Тетки торговали льняными вышитыми скатертями. Увидев нас и безошибочно издалека определив туристов, загалдели по-испански, выхватывая с прилавка какие-то салфетки, потрясая ими в воздухе, как флагами, зазывно крича: «Лийна, лийна!»
– Пойдем отсюда, на черта тебе двадцать пятая скатерть! – с досадой проговорил Борис. – К тому же это, кажется, цыгане.
– Да? – весело воскликнула я. – Великолепно! Пойдем посмотрим на испанских цыган. Они благородные – видишь, не попрошайничают, а торговлей занимаются.
Тетки при виде меня страшно воодушевились, кинулись навстречу, еще яростнее потрясая мануфактурой, выкрикивая на испанском: «Лен, чистый лен!» – или что-то вроде этого.
Я приступила к осмотру товаров, отмахиваясь от наседающих цыганок, вытаскивая из стопок скатерти, разворачивая, набрасывая их на деревянные столы, переворачивая вверх изнанкой… Борис стоял рядом с мученическим выражением на лице, какое всегда у него бывает в моменты моего упоения торгом…
Наконец, выбрав большую, жемчужного цвета скатерть, вышитую по краям черными оливками, с идиллическими зелеными веточками, я приступила к торговле. У Бориса сделалось еще более страдальческое лицо: в отличие от меня, выкормыша ташкентских базаров, он вырос на Украине и в те моменты, когда я демонстрирую блистательный талант спускать цену на любой товар вдвое (от помидоров до пятикомнатной квартиры), стыдится меня, как стыдятся в семье запойного алкоголика.
Дождик между тем закапал настойчивей; мы с тетками торговались все азартнее, в отсутствие общего языка хватая с прилавка блокнотик и огрызок карандаша и записывая предлагаемые цены. Наконец более старая и более толстая тетка махнула рукой и нацарапала на листке цифру 40, что-то ворчливо приговаривая…
– Умоляю… – сказал Борис. – Черт уже с ними, купи эту проклятую, не нужную тебе тряпку, плати, и пойдем отсюда!
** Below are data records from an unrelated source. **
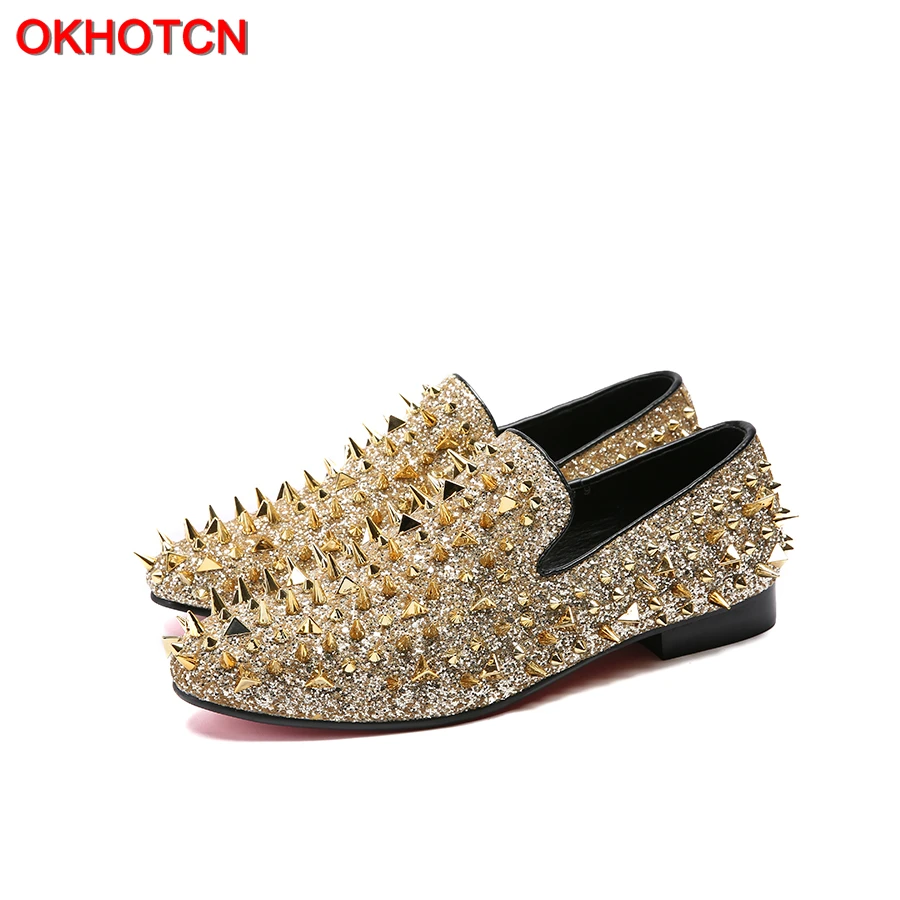 gold designer loafers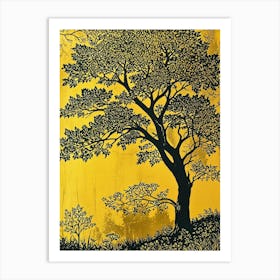 Tree In Yellow Art Print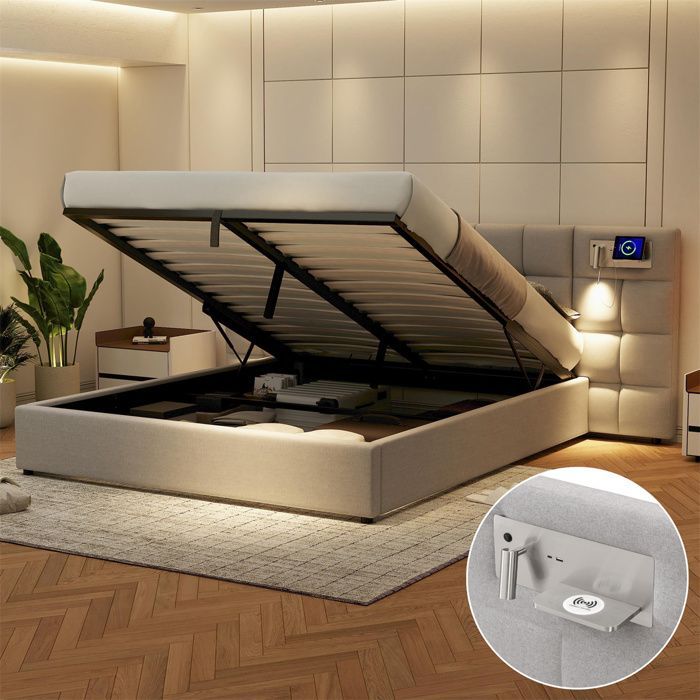 Cama de 180x200 con base de láminas y puerto USB, cama king size para 2 personas con almacenamiento, lámpara de lectura, cabecero largo, respaldo alto, lino, gris.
– Ладно, – с явным сожалением, явно не доторговавшись до своей цены, вздохнула я и вытащила из нагрудного кармана куртки полтинник. С невероятным проворством цыганка выхватила у меня из рук купюру, продолжая что-то бурно и горячо приговаривать, указывая обеими руками куда-то вдаль и одновременно складывая скатерть. Затем откуда-то из-за прилавка выудила пластиковый мешочек и стала в него скатерть энергично запихивать… – словом, демонстрировала, наподобие индийского бога Шивы, какое-то фантастическое количество рук, в одной из которых намертво была зажата купюра в пятьдесят евро.
Наконец большая скатерть была утрамбована в мешочек, который тяжело покачивался на ее протянутой ко мне руке. И вот эта рука оказалась единственной оставшейся.
– А сдача? – предчувствуя нехорошее, осведомилась я. – Десять евро!
Они обе взорвались крикливым потоком испанской речи, указывая на кулек, разводя руками, как рыбак, хвастающийся пойманной рыбой; эти прохиндейки явно доказывали мне, что параметры данной скатерти проходят по другому прейскуранту.
– Десять евро!!! – крикнула я, протянув руку. И на иврите добавила: – Быстро!!!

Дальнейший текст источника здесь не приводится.